White settlement nibbled at the Malheur Indian Reservation until the Bannock War in 1878, which ended with surrendered Paiutes and Bannocks on the reservation being removed, officially to the Yakama Reservation in Washington Territory. Unofficially, Paiutes had scattered all over the Western States that comprised their aboriginal lands. The Burns Paiute Reservation is the remains of the Malheur Reservation and the Malheur Wildlife Refuge is an alternative use for the federal land, for those who believe the federal government exists.
Some people might question the relevancy of this history. Why does it matter? It all happened so long ago. There’s many reasons why it’s relevant, and here are two:
- The “Indian Wars” never ended. Indigenous people within the Colonial borders of the USA have the poorest health, lowest life expectancy and highest rate of poverty of any other group of people. Their tiny reservations, often hundreds or thousands of miles from their original homes, are under assault from Colonial resource extraction corporations seeking uranium, fossil fuels and water. Treaty obligations are still disrespected and broken. The Indigenous fight for survival is anything but over. To view the Malheur occupation solely in terms of militia vs. government at this one location in Oregon is to perpetuate the Colonial mindset in oneself and hence deny the ongoing Colonial policies against the Indigenous peoples.
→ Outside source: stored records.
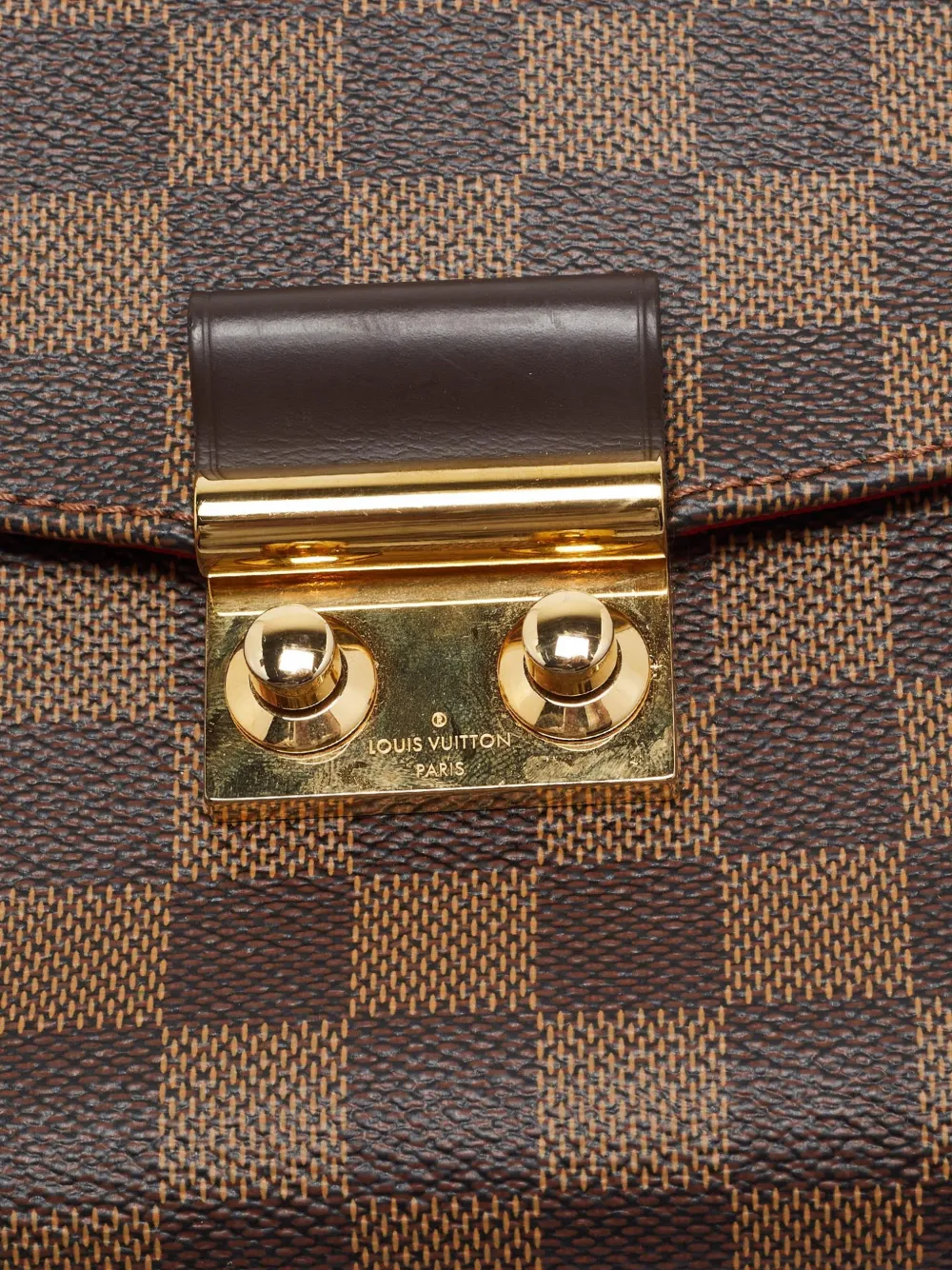 Louis Vuitton Pre-Owned Croisette Damier Ebene shoulder bag Bruin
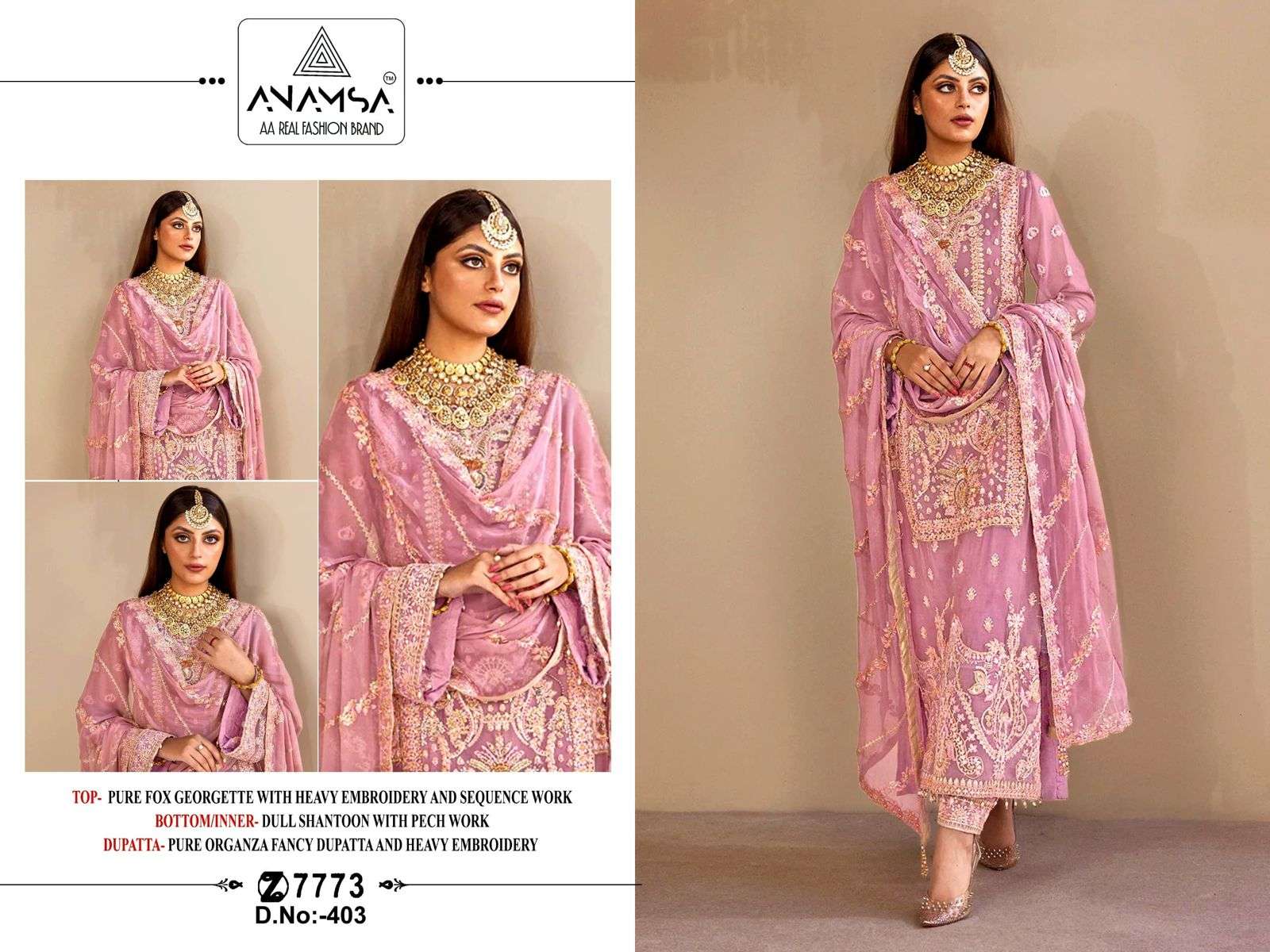 D No -403 Semi Stitched Anamsa-02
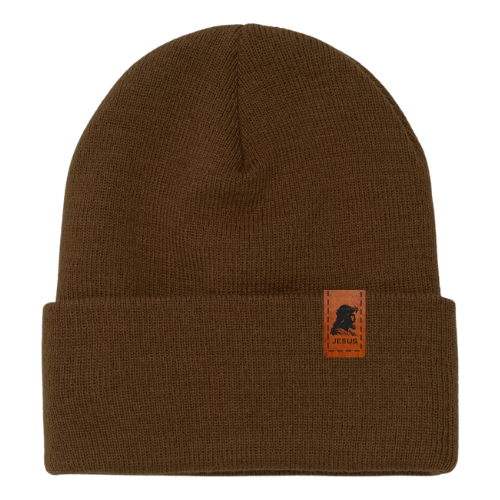 Beanie - Caramel - Jesus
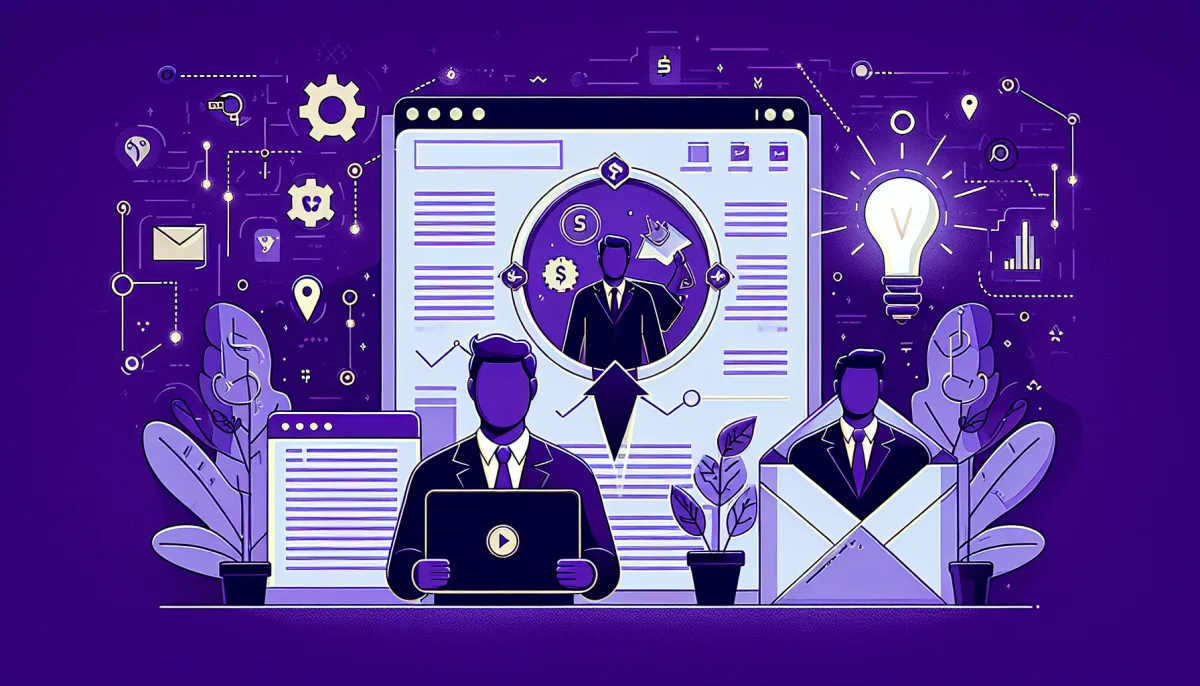 Professional illustration representing: Why Successful People Delete VC Pitches Without Reading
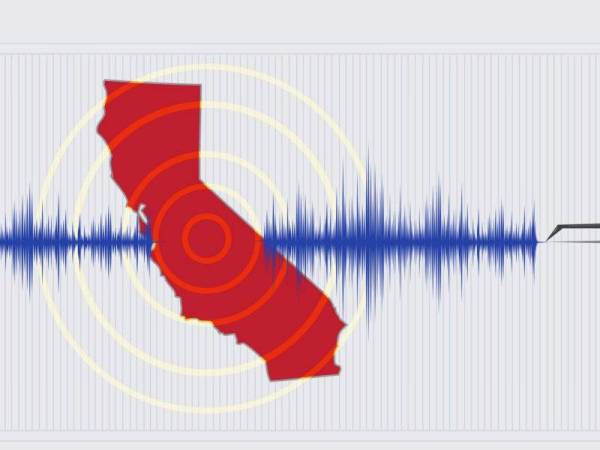 Gempa bumi sederhana berukuran 5.9 pada skala Richter melanda selatan Sumatera, Indonesia pada 9.44 pagi ini. - Gambar hiasan 123RF
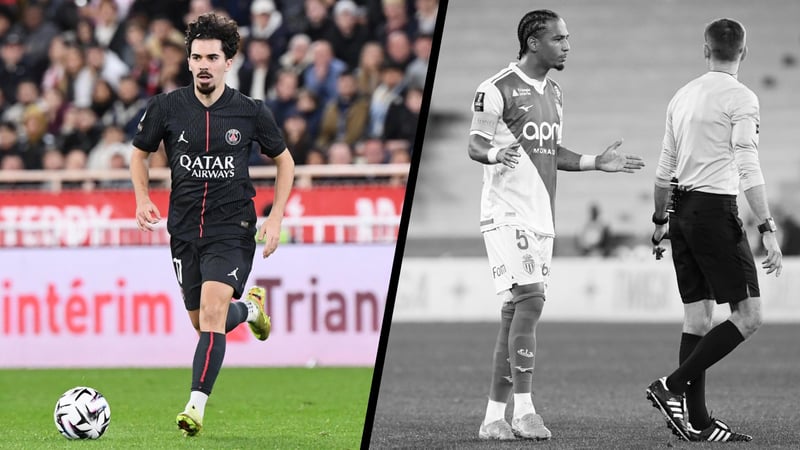 Monaco-PSG : Vitinha et Minamino transcendants, Pogba revenant, Camara sidérant... Les Tops/Flops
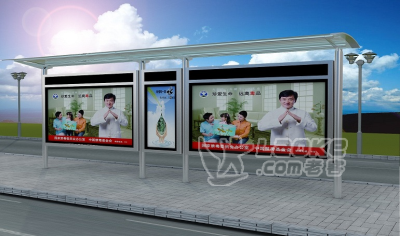 宿迁公交站台滚动灯箱太阳能滚动垃圾箱行业领先厂家_0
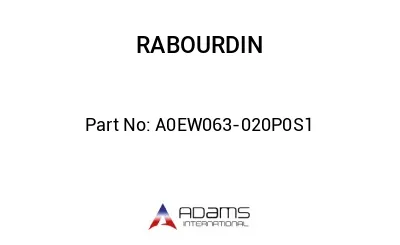A0EW063-020P0S1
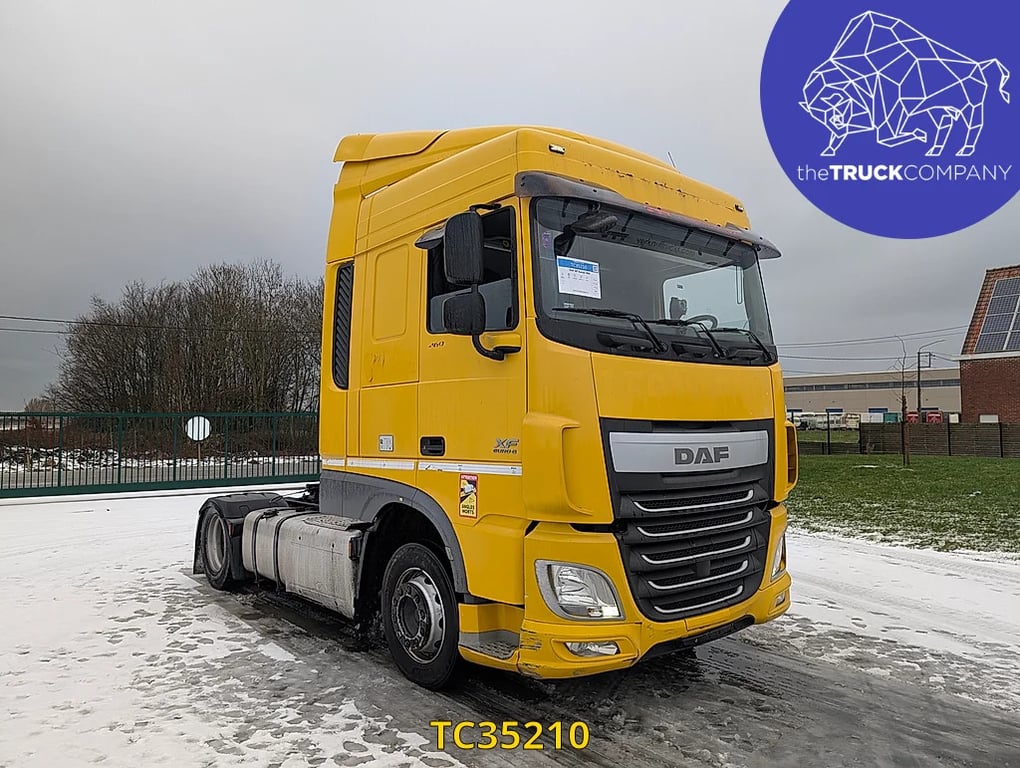 DAF XF Euro6 460 2015 TC35210 DAF XF Euro6 460 2015 1 image 8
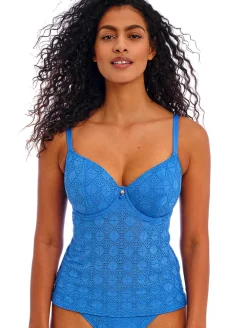 Freya Nomad Nights Plunge Tankini Top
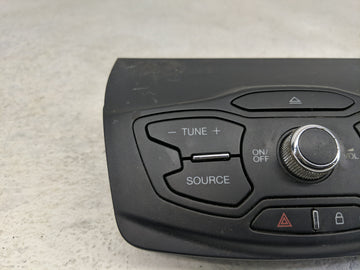 2013-2016 Ford Escape Radio AM FM Cd Player Receiver Replacement P/N:CJ5T18K811HJ XXXX-18K811-XX Fits Fits 2013 2014 2015 2016 OEM Used Auto Parts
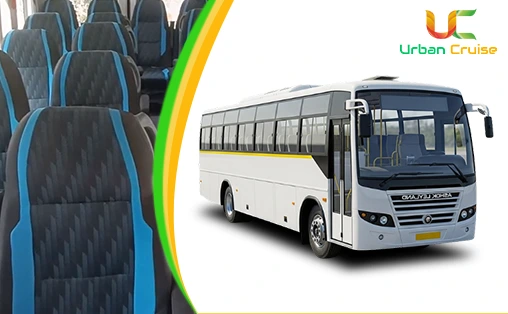 Ashok Leyland bus on rent with Urban Cruise
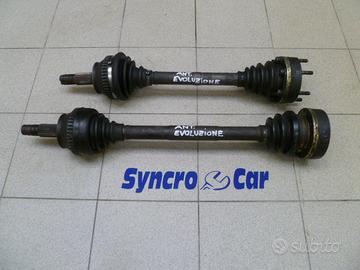 Semiassi ant. dx e sx lancia delta evoluzione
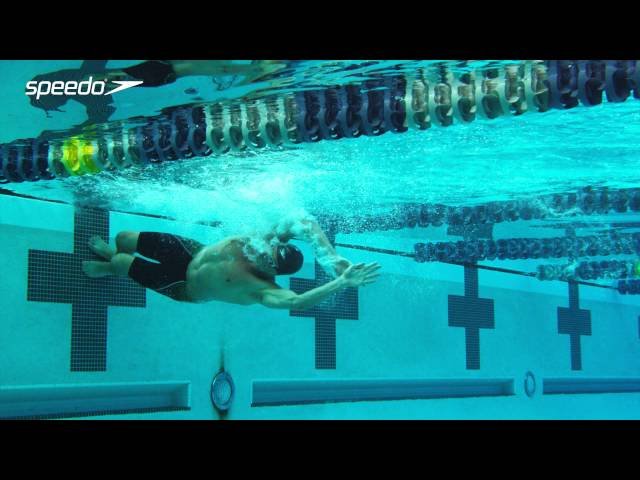 Ryan Lochte | Breaststroke Turn Technique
- The Colonial arrangement has made a mess of things, to say the least. Pillaging the earth for its resources has turned out to be a very bad idea, as witnessed by environmental degradation, species extinction and Climate Change. But it doesn’t have to be this way. The Indigenous example shows that people can participate in nature’s dynamic equilibrium in a healthy way, rather than throwing it off-balance. Human nature, as illustrated by the old ways, is nurturing; it is Colonial nature that is destructive. As long as Colonialism reigns supreme in thought and in action, the society cannot learn from the examples of Indigenous living that still survive, and will not attempt a collective return.
In the context of the Malheur occupation, the ranchers certainly signify some of the worst that the Colonial system has to offer: destruction of native habitat, private profiteering, short-term thinking, all wrapped up with a Biblical bow on top. For all their talk of attacking the system, these armed men are not a threat to Colonialism in the slightest, nor would they want to be. In the end, they merely represent one flavor of Colonialism, if a particularly rancid one. I will certainly be happy when they are removed from the refuge, which they surely will be, sooner or later. In my estimation, ranchers are among the most despicable people in this whole despicable culture and it will be a great day when there is no more ranching. But that doesn’t mean I’ll be cheering for their Colonialist opposition.
In the Esquire article cited above, Pierce writes: “There is a constituency for armed rebellion in this country that is larger than any of our respectable political and social institutions want to admit. It is fueled by reckless, ambitious people who engage in reckless, ambitious rhetoric.”
“Reckless” and “ambitious” describes to a T the Colonial system that Pierce finds “respectable.” That system in turns produces Colonial citizens who spout “reckless, ambitious rhetoric,” which is mostly what we are hearing from “both sides” of the Malheur debate. No matter who loses that argument, Colonialism wins.